UNITED STATES

SECURITIES AND EXCHANGE COMMISSION

Washington, D.C. 20549

 


 

FORM 10-K/A

(Amendment No. 1)

 

(Mark One)

 

x         ANNUAL REPORT PURSUANT TO SECTION 13 OR 15(d) OF THE SECURITIES EXCHANGE ACT OF 1934

 

For the fiscal year ended December 31, 2010

 

OR

 

o           TRANSITION REPORT PURSUANT TO SECTION 13 OR 15(d) OF THE SECURITIES EXCHANGE ACT OF 1934

 

For the transition period from           to           

 

Commission file number 1-10521

 


 

CITY NATIONAL CORPORATION

(Exact name of registrant as specified in its charter)

 


 

Delaware

 

95-2568550

(State of incorporation)

 

(I.R.S. Employer Identification No.)

 

 

 

City National Plaza

 

 

555 South Flower Street,

 

 

Los Angeles, California, 90071

 

 

(Address of principal executive offices) (Zip Code)

 

 

 

Registrant’s telephone number, including area code (213) 673-7700

 


 

Securities registered pursuant to Section 12(b) of the Act:

 

 

 

 

Name of each exchange on which

 

 

Title of each class

 

registered

 

 

Common Stock, $1.00 par value

 

New York Stock Exchange

 

 

No securities are registered pursuant to Section 12(g) of the Act

 


 

Indicate by check mark if the registrant is a well-known seasoned issuer, as defined in Rule 405 of the Securities Act. Yes x  No o

 

Indicate by check mark if the registrant is not required to file reports pursuant to Section 13 or 15(d) of the Exchange Act. Yes o  No x

 

Indicate by check mark whether the registrant (1) has filed all reports required to be filed by Section 13 or 15(d) of the Securities Exchange Act of 1934 during the preceding 12 months (or for such shorter period that the registrant was required to file such reports), and (2) has been subject to such filing requirements for the past 90 days. Yes x  No o

 

Indicate by check mark whether the registrant has submitted electronically and posted on its corporate website, if any, every Interactive Date File required to be submitted and posted pursuant to Rule 405 of Regulation S-T (§232.405 of this chapter) during the preceding 12 months (or for such shorter period that the registrant was required to submit and post such files). Yes x  No o

 

Indicate by check mark if disclosure of delinquent filers pursuant to Item 405 of Regulation S-K is not contained herein, and will not be contained, to the best of registrant’s knowledge, in definitive proxy or information statements incorporated by reference in Part III of this Form 10-K or any amendment to this Form 10-K. o

 

Indicate by check mark whether the registrant is a large accelerated filer, an accelerated filer, a non-accelerated filer, or a smaller reporting company.
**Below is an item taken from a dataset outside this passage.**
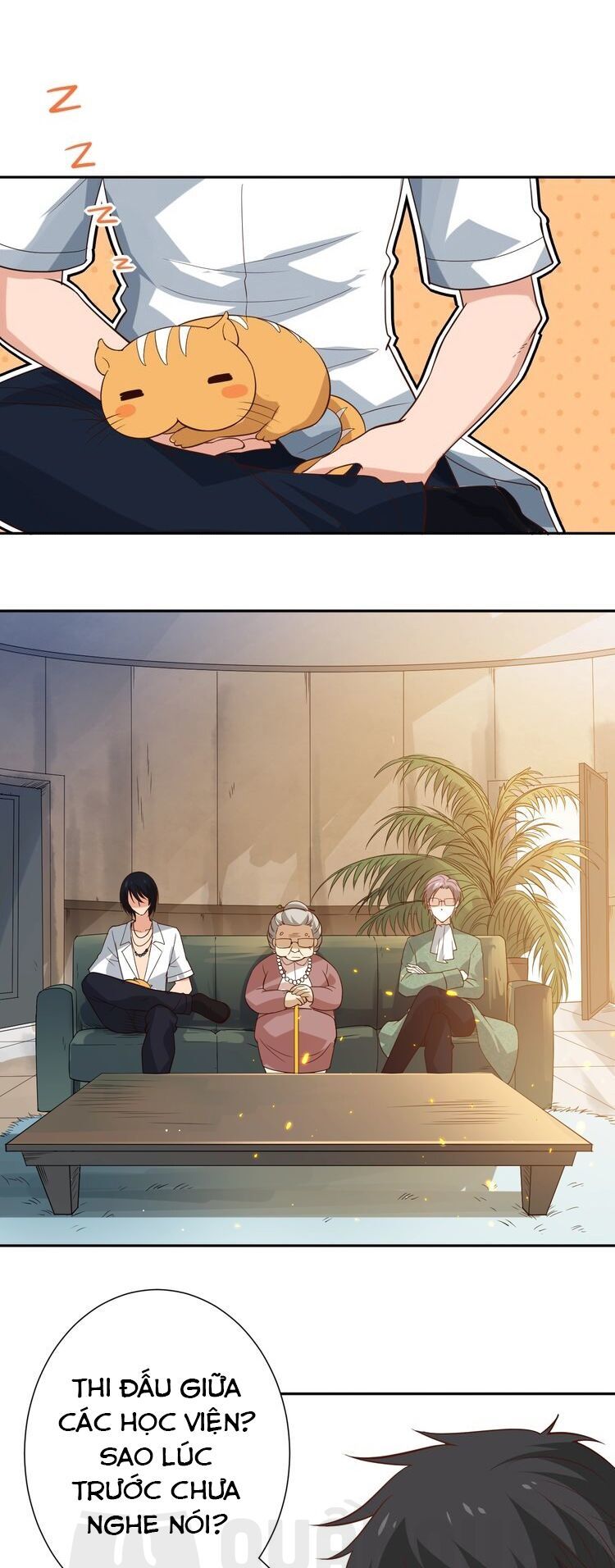 Giản Giới Chapter 32 - 27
See the definitions of “large accelerated filer,” “accelerated filer” and “smaller reporting company” in Rule 12b-2 of the Exchange Act.

 

Large accelerated filer x

 

Accelerated filer o

 

 

 

Non-accelerated filer o

(Do not check if a smaller reporting company)

 

Smaller reporting company o

 

Indicate by check mark whether the registrant is a shell company (as defined in Rule 12b-2 of the Exchange Act). Yes o  No x

 

As of June 30, 2010, the aggregate market value of the registrant’s common stock (“Common Stock”) held by non-affiliates of the registrant was approximately $2,340,261,042 based on the June 30, 2010 closing sale price of Common Stock of $51.23 per share as reported on the New York Stock Exchange.

 

As of January 31, 2011, there were 52,874,073 shares of Common Stock outstanding (including unvested restricted shares).

 

Documents Incorporated by Reference

 

The information required to be disclosed pursuant to Part III of this report either shall be (i) deemed to be incorporated by reference from selected portions of City National Corporation’s definitive proxy statement for the 2011 annual meeting of stockholders, if such proxy statement is filed with the Securities and Exchange Commission pursuant to Regulation 14A not later than 120 days after the end of the Corporation’s most recently completed fiscal year, or (ii) included in an amendment to this report filed with the Commission on Form 10-K/A not later than the end of such 120 day period.

 

 

 



 

EXPLANATORY NOTE

 

This Amendment No. 1 is being filed to correct the inadvertent reference to the “2010 annual meeting” on the cover page under the caption “Documents Incorporated by Reference,” and to change such reference to the “2011 annual meeting.”  There are no other changes to the Form 10-K filed on March 1, 2011.  In accordance with Rule 12b-15 under the Securities Exchange Act of 1934, we have included new certifications of our principal executive and principal financial officers.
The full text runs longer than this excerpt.